Mas este foi também um desempenho inglório, porque, nesta fase da competição, uma equipa que falha seis ou sete oportunidades claras para marcar, arrisca-se a perder o jogo. Rony Lopes ao poste, Gelson Martins “na cara” do guarda-redes Jean, remates muito próximos da baliza brasileira deixam a ideia de que, se Portugal poderia ter resolvido (cedo) a partida, houve clara incompetência no momento da finalização, depois de um apreciável volume de jogo e de um evidente domínio em, pelo menos, dois terços do desafio.

E o trabalho ficou incompleto porque Portugal se esqueceu de que o jogo não terminava aos 120 minutos. Foi displicente e pouco concentrada a forma como os jovens lusos abordaram os pontapés decisivos da marca de onze metros.

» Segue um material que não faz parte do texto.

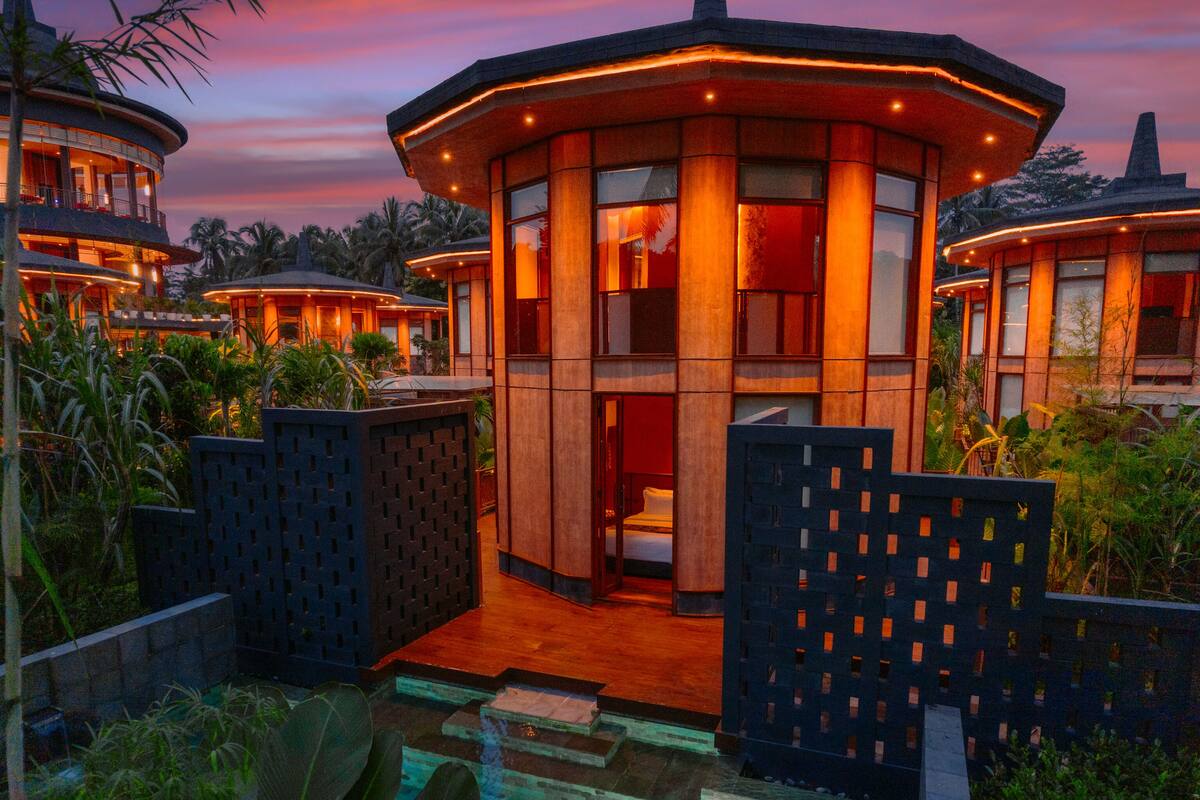 Un moderno resort con piscina, rodeado de exuberante vegetación y con arquitectura contemporánea.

E assim se hipotecaram todas as possibilidades de uma bela equipa de futebol seguir em frente na competição, conseguindo o Brasil esse objetivo: uma equipa realista, que fez pela vida, que percebeu e identificou as suas próprias fraquezas e que também compreendeu que lhe bastava assistir ao desperdício português e ser fria quando realmente era preciso, para manter intactas as hipóteses de seguir em frente.

Assim foi.

Avaliação individual:

Destaque: Estrela (4)

O pêndulo do meio-campo. Excelente nos posicionamentos, nas compensações, nos "timings". Enquanto jogou, fez jogar, deu segurança e libertou companheiros. Com mais minutos neste Mundial, teria, talvez, sido ainda mais preponderante.

André Moreira (3)

Pouco ou nada para fazer em 120 minutos. Pouco ou nada pôde fazer nos penáltis…

Riquicho (3)

Atento, disponível, rápido, voluntarioso, entusiasmado. Por vezes com dificuldade em travar a rapidez das combinações brasileiras pelo seu flanco.

João Nunes (4)

Excecional a cortar, a antecipar-se, a mandar na defesa. Um jogo ao seu melhor nível.

Domingos Duarte (3)

Secundou bem o seu companheiro do eixo da defesa. Não permitiu veleidades aos brasileiros mais adiantados.

Rafa (3)

Lateral sempre ofensivo, gostando de apoiar os movimentos de ataque. Pôde fazê-lo mais na segunda parte, período em que a equipa portuguesa esteve mais adiantada no relvado.

Tomás Podstawski (3)

Invisível, pés de veludo, libertando-se mais pela entrada de Estrela na equipa.

Chico Ramos (4)

Um "falso lento". Seguro nas marcações e sereno durante todo o jogo.

Gelson Martins (4)

Bela entrada no jogo, muito ativo pela esquerda, a sair e a tentar, também, concretizar.

André Silva (3)

Grande mobilidade, jogando com o sem bola, procurando bascular para abrir espaços. Traído pela tentativa de colocação ao milímetro no penálti que lhe coube.

Rony Lopes (4)

O transportador de jogo, o elo de ligação, sempre perigoso pela ala direita, colocando em sentido o lateral Jorge. Com as duas melhores oportunidades de golo para Portugal.

Nuno Santos (1)

Veio tentar dar maior profundidade à equipa, jogando sobre a esquerda e obrigando a equipa brasileira a maiores cuidados. Completamente desconcentrado no último penálti.

Raphael Guzzo (1)

Entrou para acelerar o jogo ofensivo e obrigar o Brasil a recuar o bloco. Desastrado no momento mais importante: o do penálti.

Ivo (1)

Presença pouco notada, entrando em campo já na parte final do desafio.